### Required work:
What is needed is an exact copy of the line that contains "Costa Rican Pura Vida Toucan Postcard" and of all later lines to the end of the records below, with no other lines.

### Provided information:
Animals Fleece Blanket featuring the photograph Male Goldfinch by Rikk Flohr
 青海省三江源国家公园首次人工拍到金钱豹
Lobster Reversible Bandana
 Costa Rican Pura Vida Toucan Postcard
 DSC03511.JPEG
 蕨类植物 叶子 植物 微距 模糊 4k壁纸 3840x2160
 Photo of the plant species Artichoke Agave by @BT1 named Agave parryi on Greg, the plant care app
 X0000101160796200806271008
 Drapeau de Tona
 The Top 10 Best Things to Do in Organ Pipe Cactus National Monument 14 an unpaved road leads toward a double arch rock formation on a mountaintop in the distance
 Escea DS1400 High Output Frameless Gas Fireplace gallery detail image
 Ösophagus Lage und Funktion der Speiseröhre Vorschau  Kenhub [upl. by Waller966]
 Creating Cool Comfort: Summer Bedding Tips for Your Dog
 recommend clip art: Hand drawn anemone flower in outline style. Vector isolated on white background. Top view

### Final answer:
 Costa Rican Pura Vida Toucan Postcard
 DSC03511.JPEG
 蕨类植物 叶子 植物 微距 模糊 4k壁纸 3840x2160
 Photo of the plant species Artichoke Agave by @BT1 named Agave parryi on Greg, the plant care app
 X0000101160796200806271008
 Drapeau de Tona
 The Top 10 Best Things to Do in Organ Pipe Cactus National Monument 14 an unpaved road leads toward a double arch rock formation on a mountaintop in the distance
 Escea DS1400 High Output Frameless Gas Fireplace gallery detail image
 Ösophagus Lage und Funktion der Speiseröhre Vorschau  Kenhub [upl. by Waller966]
 Creating Cool Comfort: Summer Bedding Tips for Your Dog
 recommend clip art: Hand drawn anemone flower in outline style. Vector isolated on white background. Top view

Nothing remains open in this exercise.